Born Zypora Tannenbaum, she worked in her native Poland as a midwife for many years, delivering hundreds of children, including during World War II when she witnessed horrendous suffering. After emigrating to the United States in 1954, she became an actress.
Spaisman, during her career as an actress, was long associated with the FolksbieneYiddish Theatre in NYC and, along with Morris Adler, kept it alive for 42 years. Following a dispute with the Folksbiene's new management in 1998, she founded the Yiddish Public Theatre. The Folksbiene Yiddish Theatre, originally located on the Lower East Side of Manhattan in what was then known as the Forward Building and later ensconced across from the Central Synagogue in its Community Housebuilding, is the longest-running Yiddish theatre company in the world. Founded in 1915 as an amateur group dedicated to producing non-commercial Yiddish theater and world drama in Yiddish translation, it turned professional in later decades.
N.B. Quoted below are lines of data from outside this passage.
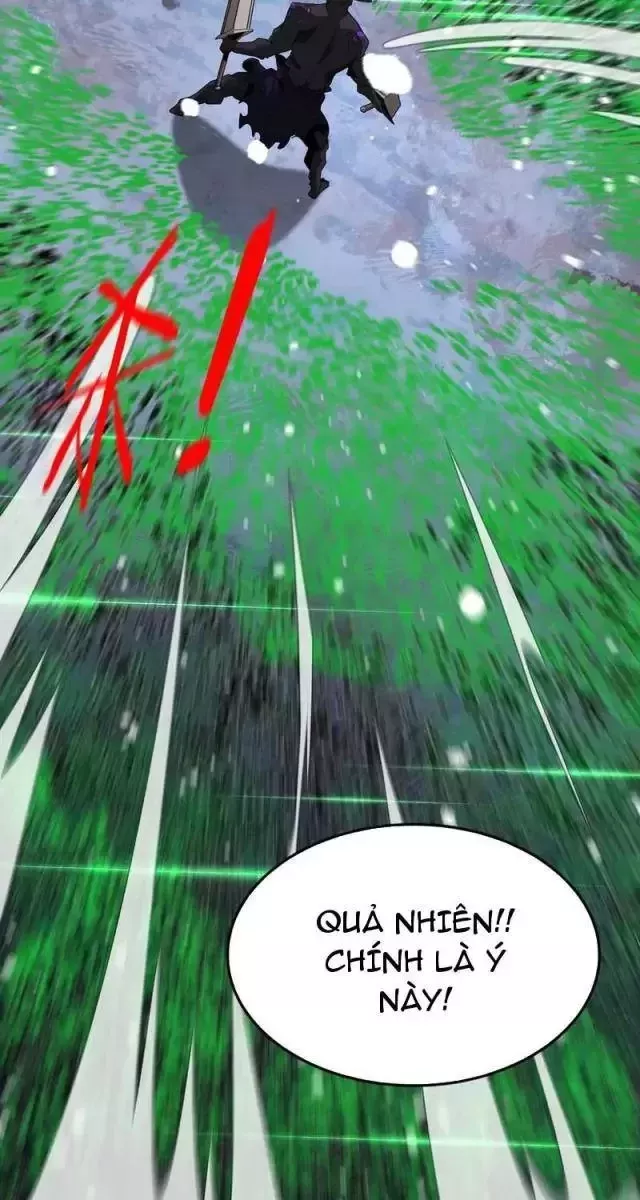 Vạn Tộc Tru Sát!!: Chapter 26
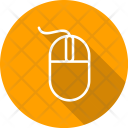 پیش‌نمایش فایل mouse-121 از پک وب، خطی دایره‌ای
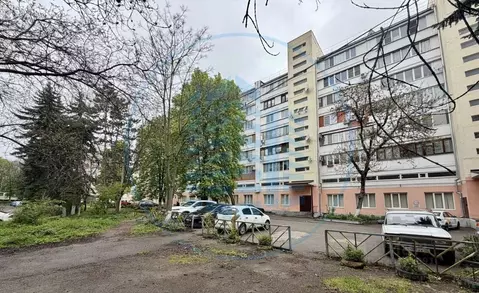 1-к кв. Ставропольский край, Ессентуки Октябрьская ул., 444 (30.0 м)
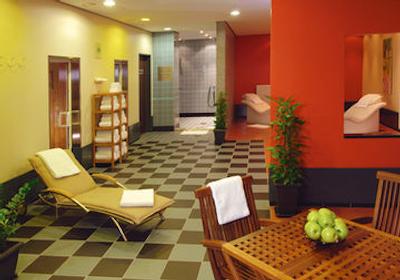 ان‌ اچ کالکشن فرانکفورت سیتی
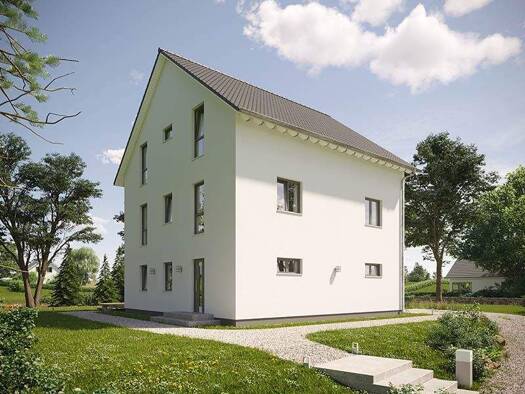 Mehrfamilienhaus zum Kauf 995.000 € 1 Zimmer 316 m² 1.000 m² Grundstück frei ab 01.09.2026 Ewattingen Ewatingen, Wutach 79879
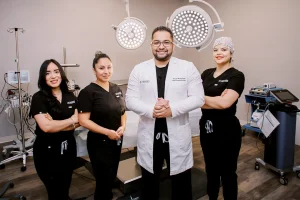 La mejor clínica de cirugía plástica en Atlanta: ¿cómo elegir la adecuada?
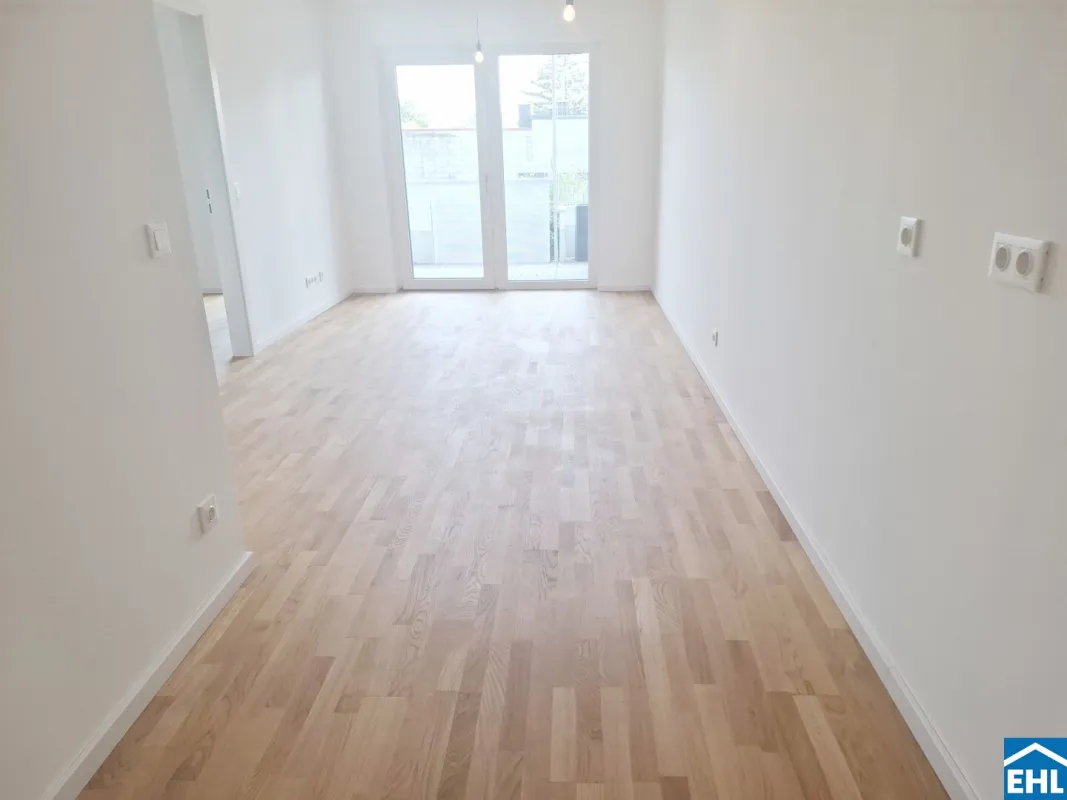 Im Einklang mit der Natur – Ihr neues Zuhause im Herzen der Idylle - Bild 1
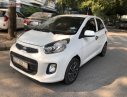 Kia Morning EX 2016 - Cần bán gấp Kia Morning EX năm 2016, màu trắng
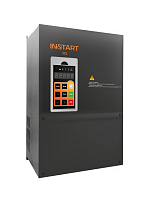 00050934 Частотный преобразователь INSTART FCI-G30/P37-4+FCI-FM, 380В, 30кВт, 60А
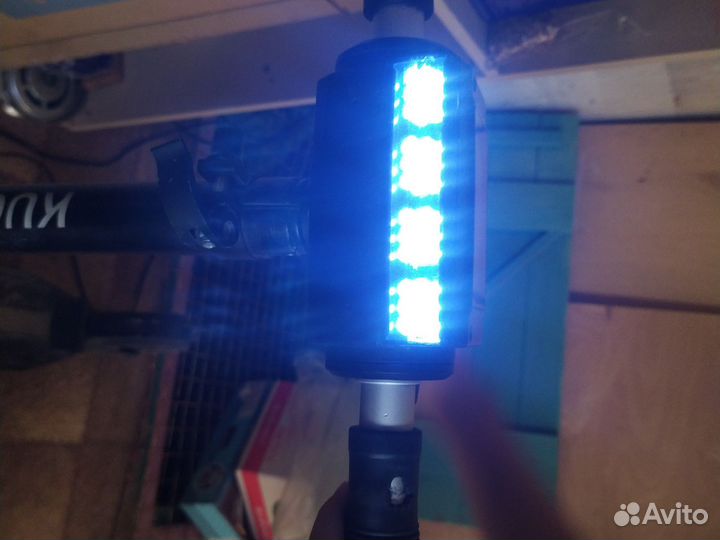 Электросамокат (kugoo s3)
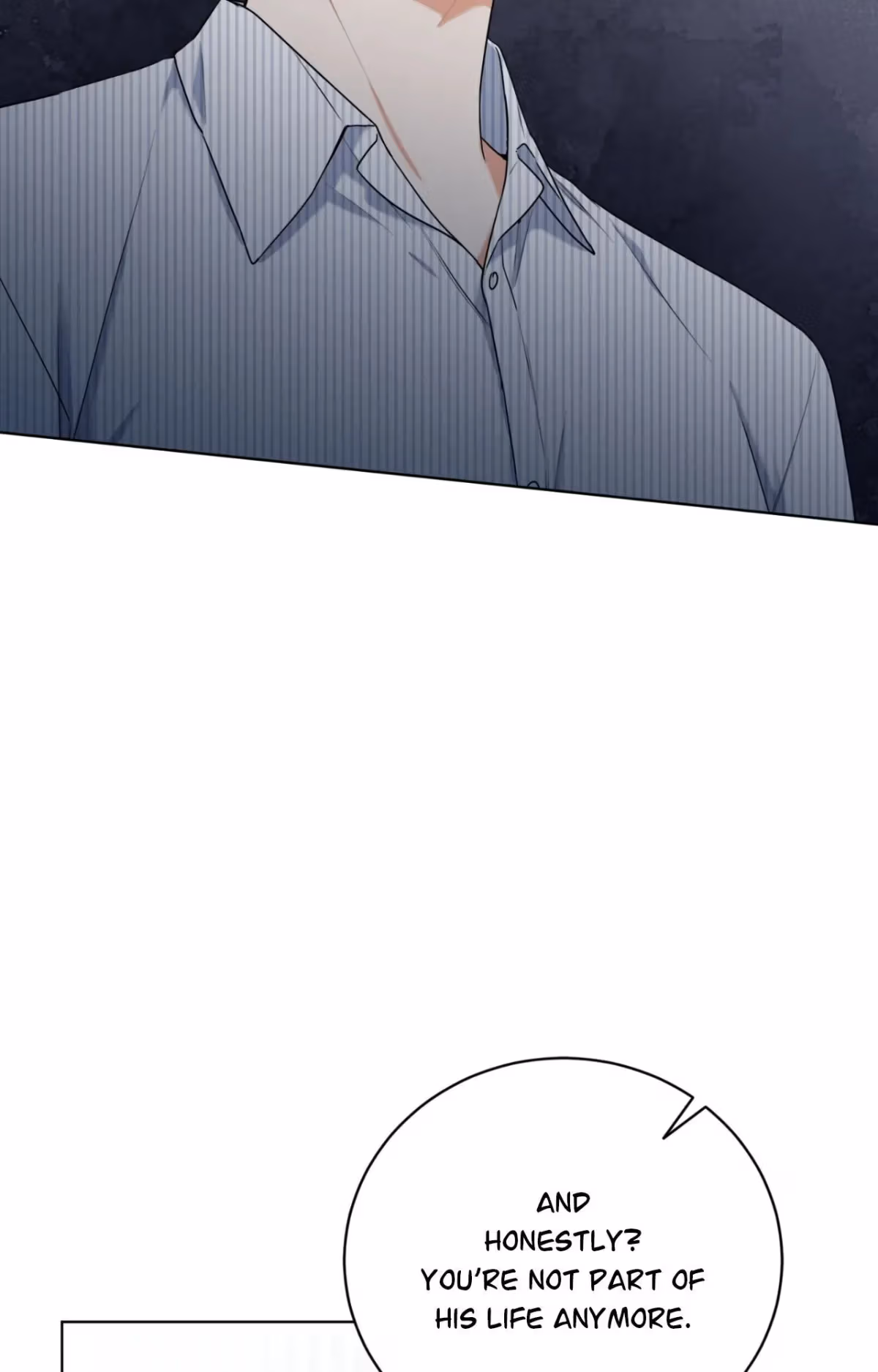 Love, To Us Chapter 21 page 8 - 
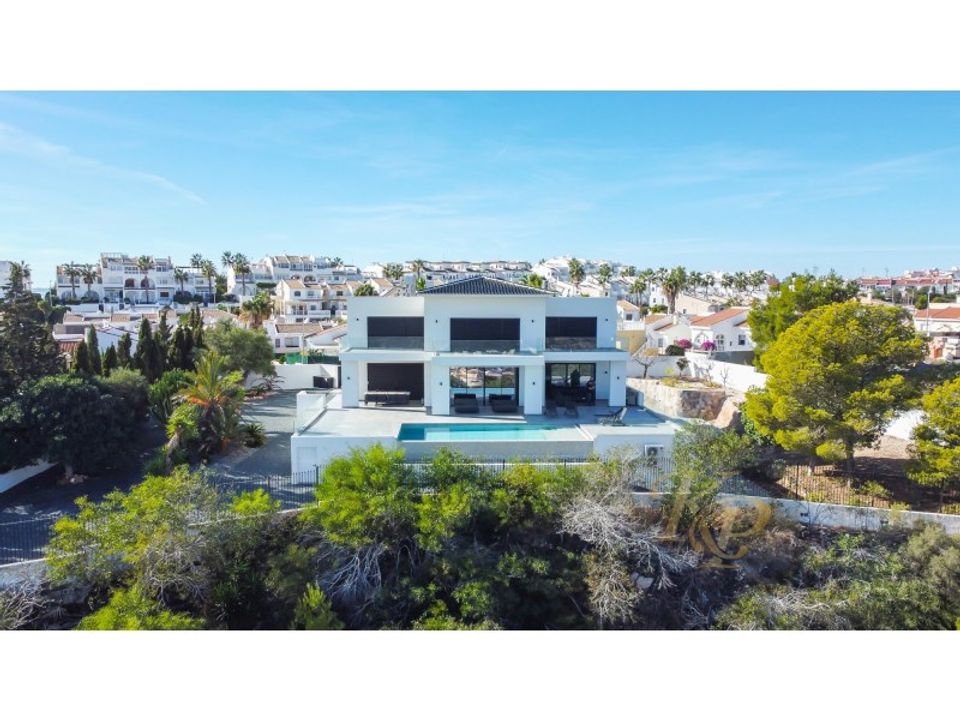 Villa i Rojales, Alicante - foto 1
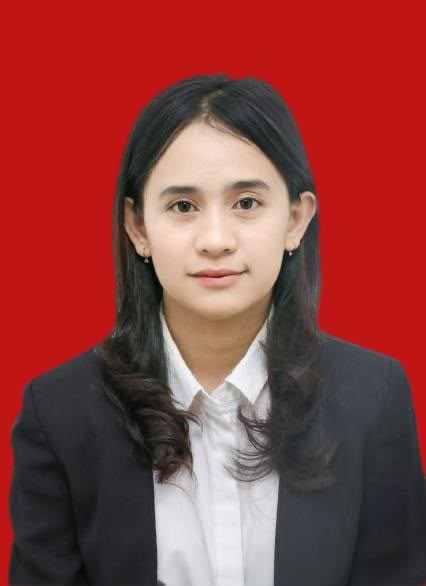 Kezia - Tim Akuntansi dan Pajak CV Solusi Kita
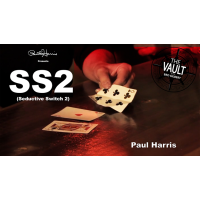 The Vault - Ss2 by Paul Harris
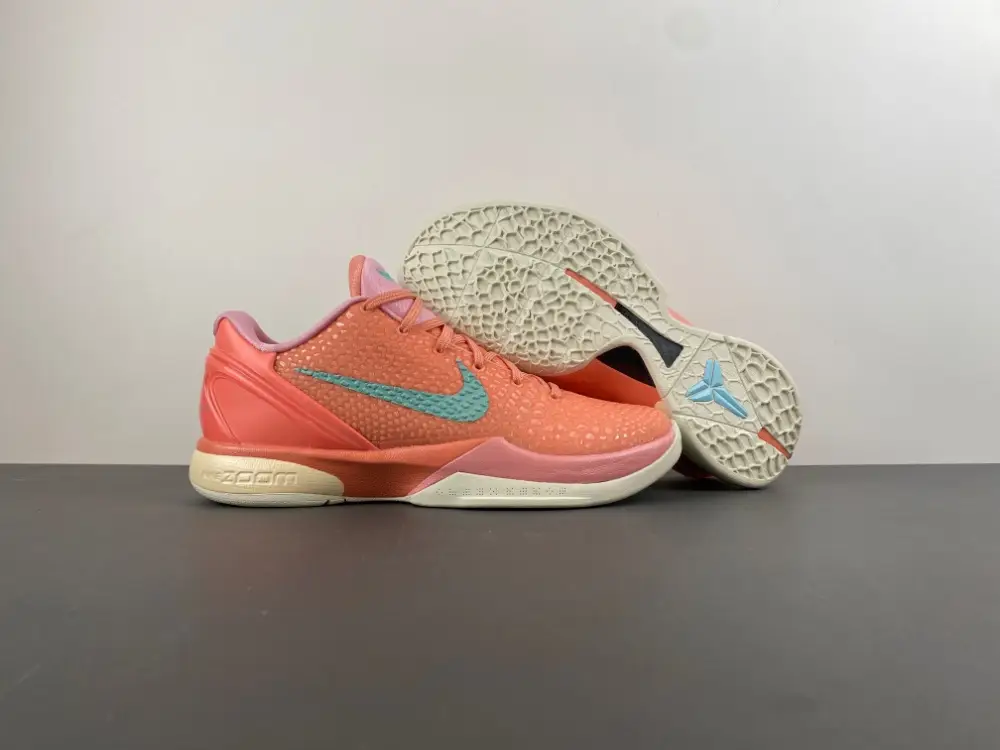 Nike Kobe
It was sustained by Morris Adler, who joined the company in 1934, and Spaisman, who joined twenty years later. During Spaisman and Adler's tenure, the Folksbiene remained a bastion for Yiddish literary culture. In 1998, Ms. Spaisman's position with the company was taken over by Zalmen Mlotek and Eleanor Reissa, who were then named co-artistic directors. They invited Spaisman to stay on as a "consultant" but she opted to start her own company, the Yiddish Public Theater, which endured for one year before its demise. Zypora Spaisman assayed the role of Sheva Haddas in Paul Mazursky's film Enemies, a Love Story, an adaptation of Isaac Bashevis Singer's novel of the same name. A documentary by Dan Katzir about Spaisman and her Yiddish Public Theater, Yiddish Theater: A Love Story, was released to much acclaim in 2006. In the summers, Zypora Spaisman worked as a camp nurse at Camp Boiberik, in Rhinebeck, NY. The camp was an offshoot of The Sholem Aleichem Folk Institute.
Death
She was married to Joseph Spaisman until his death; the couple had one son, who survived her following her sudden and unexplained death from cerebral trauma on May 18, 2002, aged 86.